Het debat over buitenlanders is deze keer minder heftig dan gewoonlijk. De FPÖ voert wel campagne met de leus dat Wenen „geen Istanbul” moet worden, maar zet zich evengoed af tegen de EU.
De christelijke partij Die Christen lijkt bij voorbaat kansloos. In de peilingen scoort ze niet hoger dan 1,5 procent, wat te laag is om de kiesdrempel te halen. De partij wordt gedomineerd door rooms-katholieken en voert vooral campagne voor de bescherming van het (gezins)leven.

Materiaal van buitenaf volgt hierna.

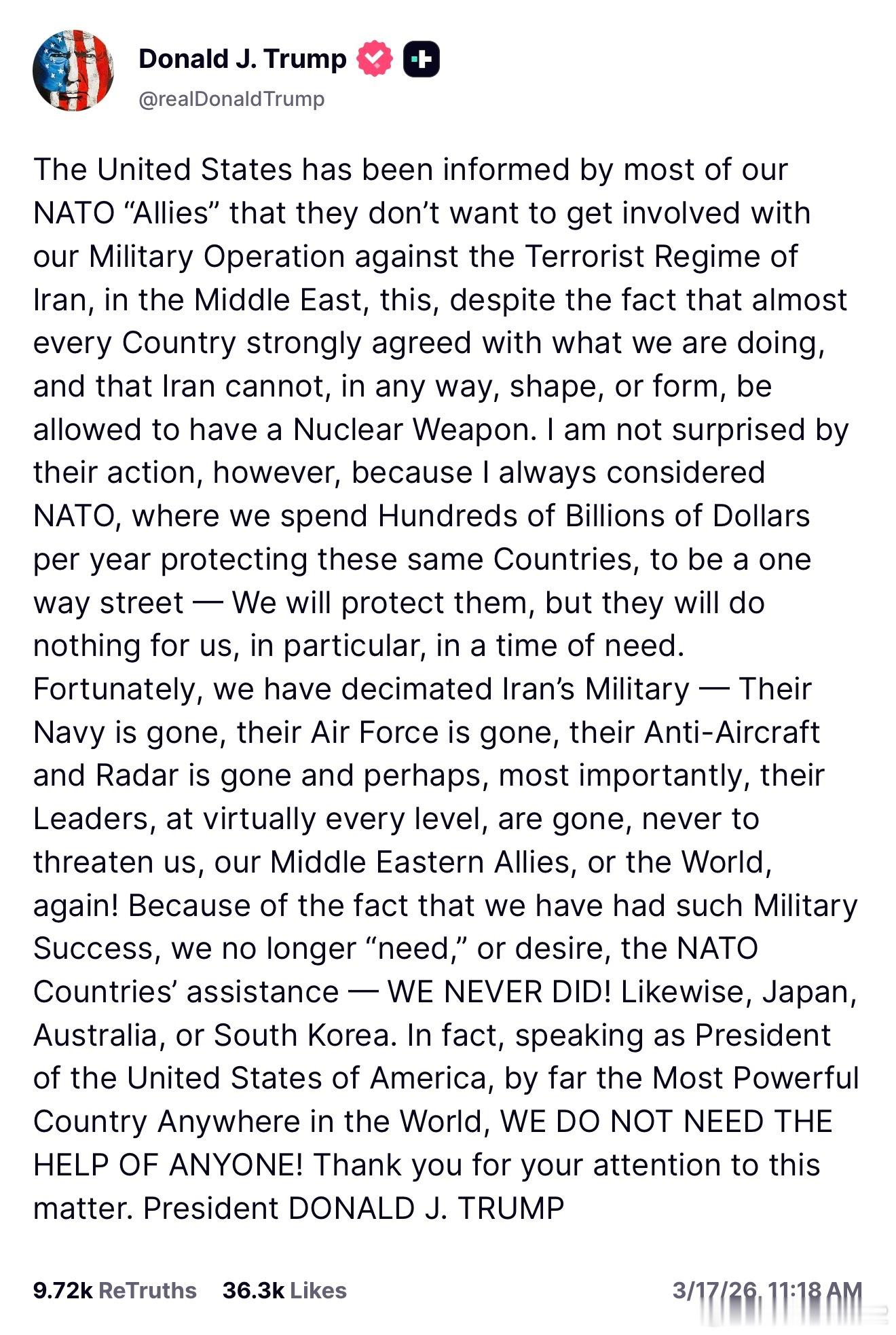 川普总统今天发的Truth，我读出的是悲壮的感觉。它让我想起在2024年大选时，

Oostenrijk experimenteert zondag ook nog met een staatsrechtelijk nieuwtje: voor het eerst mogen 16- en 17-jarigen stemmen. Als eerste Europese land heeft Oostenrijk recent de kiesgerechtigde leeftijd van 18 naar 16 jaar laten zakken. Samen met de 18- en 19-jarigen die in 2006 nog niet mochten stemmen, komt de groep nieuwe kiezers nu op 184.000. Ongeveer een kwart van hen zei bij de laatste onderzoeken nog niet te weten waarop ze zouden stemmen. Misschien zorgt de jeugd in Oostenrijk voor verrassingen die de opiniepeilers niet hebben voorzien.